* gitk: avoid obscene memory consumption
@ 2016-11-04 19:49 Markus Hitter
2016-11-04 22:45 ` Stefan Beller
0 siblings, 1 reply; 7+ messages in thread
From: Markus Hitter @ 2016-11-04 19:49 UTC (permalink / raw)
To: git
Hello all,
after Gitk brought my shabby development machine (Core2Duo, 4 GB RAM, Ubuntu 16.10, no swap to save the SSD) to its knees once more than I'm comfortable with, I decided to investigate this issue.
Result of this investigation is, my Git repo has a commit with a diff of some 365'000 lines and Gitk tries to display all of them, consuming more than 1.5 GB of memory.

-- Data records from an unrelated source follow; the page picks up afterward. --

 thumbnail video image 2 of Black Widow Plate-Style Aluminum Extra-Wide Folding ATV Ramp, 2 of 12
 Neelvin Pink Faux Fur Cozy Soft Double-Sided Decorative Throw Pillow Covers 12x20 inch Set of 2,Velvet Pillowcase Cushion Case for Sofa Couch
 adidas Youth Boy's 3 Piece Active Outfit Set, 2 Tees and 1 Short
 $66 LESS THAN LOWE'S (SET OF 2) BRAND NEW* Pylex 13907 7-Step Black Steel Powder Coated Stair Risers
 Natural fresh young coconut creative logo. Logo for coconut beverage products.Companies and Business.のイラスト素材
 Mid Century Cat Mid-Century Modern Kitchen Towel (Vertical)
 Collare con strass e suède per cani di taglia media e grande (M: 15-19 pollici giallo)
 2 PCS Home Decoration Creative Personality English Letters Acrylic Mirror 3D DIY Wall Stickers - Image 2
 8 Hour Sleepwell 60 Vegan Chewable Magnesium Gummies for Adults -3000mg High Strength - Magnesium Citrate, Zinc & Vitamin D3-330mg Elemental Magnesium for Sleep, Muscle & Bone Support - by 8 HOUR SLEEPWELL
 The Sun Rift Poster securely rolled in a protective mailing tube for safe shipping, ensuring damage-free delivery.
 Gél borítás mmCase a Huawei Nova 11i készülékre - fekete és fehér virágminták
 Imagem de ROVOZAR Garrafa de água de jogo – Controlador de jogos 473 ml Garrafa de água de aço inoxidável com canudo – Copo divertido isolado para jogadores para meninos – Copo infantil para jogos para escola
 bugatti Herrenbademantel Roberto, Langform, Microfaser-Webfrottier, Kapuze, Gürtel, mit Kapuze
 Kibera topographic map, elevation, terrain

The solution is to cut off diffs at 50'000 lines for the display. This consumes about 350 MB RAM, still a lot. These first 50'000 lines are shown, followed by a copyable message on how to view the full diff on the command line. Diffs shorter than this limit are displayed as before.
To test the waters whether such a change is welcome, here's the patch as I currently use it. If this patch makes sense I'll happily apply change requests and bring it more in line with Git's patch submission expectations. The patch is made against git(k) version 2.9.3, the one coming with latest Ubuntu. Please also note that this is the first time I wrote some Tcl code, so the strategy used might not follow best Tcl practices.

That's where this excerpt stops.